作为一种富有批判精神的理论,马克思哲学在资本主义还处在早期阶段时就深刻地揭示了资产阶级时代所面临的经济危机、文化危机和社会危机,这和后现代主义对资本主义持续变革中所显现的“叙事危机、表征危机、合法性危机”的表征不谋而合。因此,后现代主义和马克思主义在现代的遭遇,首先是基于这样一个事实,即作为一种批判资本主义的思想和运动,马克思主义是毋庸置疑的历史性存在,后现代主义对现代性的重写,是马克思哲学传统的一种延续、游移和增补。 例如,詹姆逊明确地把后现代主义定义为“晚期资本主义的文化逻辑”。德里达则强调,解构不仅仅是对话语和哲学概念进行语义学的分析,它必须向制度、向社会的和政治的结构、向最顽固的传统挑战。福柯对知识与权力、监狱与权力等关系的探讨,都旨在揭示资本主义的压迫危机。博德里拉则在马克思政治经济学批判的基础上对资本主义进行“符号经济学”的批判。

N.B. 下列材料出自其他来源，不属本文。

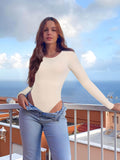 Women's Crew Neck Long Sleeve Bodysuit T Shirts Basic Tops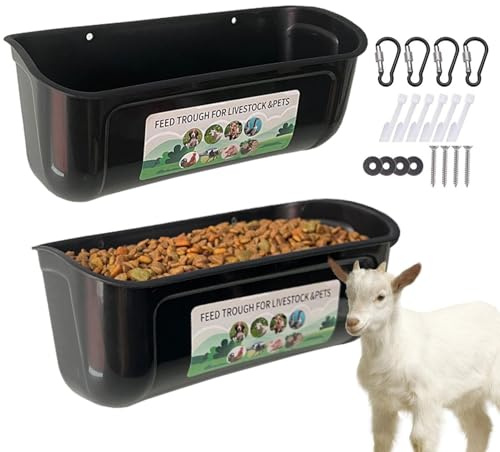 2pcs Großer Hühner-Futterspender Für Ziegen, Futterspender Und Tränke Für Hühner, Futterstation Und Tränke Für Geflügel, Hühner Futtertrog Mit Haken, Futterstation Für Schafe, Hirsche, Enten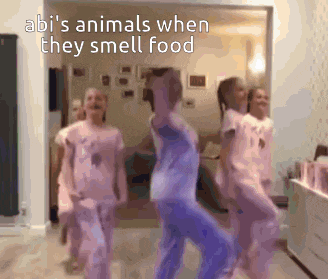 a group of children are dancing in a room with the words abi 's animals when they smell food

与此同时,我们也不能不承认,后现代主义的登场,意味着对马克思主义和社会主义的解构。即使后现代主义有助于我们挖掘马克思主义理论,尤其是传统模式的马克思主义哲学理论中长期以来被忽略、被压抑、被边缘化乃至被遗忘的因素,但也是在解构其中心地位之后才使这些因素发挥作用的。因此,后现代主义对马克思主义当代性的重构,其实是一种非总体化的、充满异质性和内在张力的重构。

二、邓小平马克思主义哲学观的后现代意蕴

邓小平对马克思主义哲学的理解不是从学习斯大林在《辩证唯物主义和历史唯物主义》中阐释的马克思主义哲学范式开始的。在1992年南方谈话中谈到学马列的态度时,邓小平说过这样一段话:“学马列要精,要管用的。长篇的东西是少数搞专业的人读的,群众怎么读?要求都读大本子,是形式主义的,办不到。我的入门老师是《共产党宣言》和《共产主义ABC》。”分析这些话语,我们对邓小平接受马克思主义的历程至少可以得出这样两点结论:第一、邓小平对马克思主义理论的接受是从阅读马克思主义经典著作开始的,接受的是“原汁原味”的马克思主义,不是经由学习苏联模式的马克思主义开始的,因此,邓小平理解的马克思主义哲学和苏联模式的马克思主义哲学是有区别的。第二、邓小平是本着“要精”、“要管用”的原则来学习马克思主义文本的,这就决定了他理解马克思主义的出发点是高屋建瓴的,因而,他对马克思主义的理解也是提纲挈领式的,并不是要构建一个完整的理论系统。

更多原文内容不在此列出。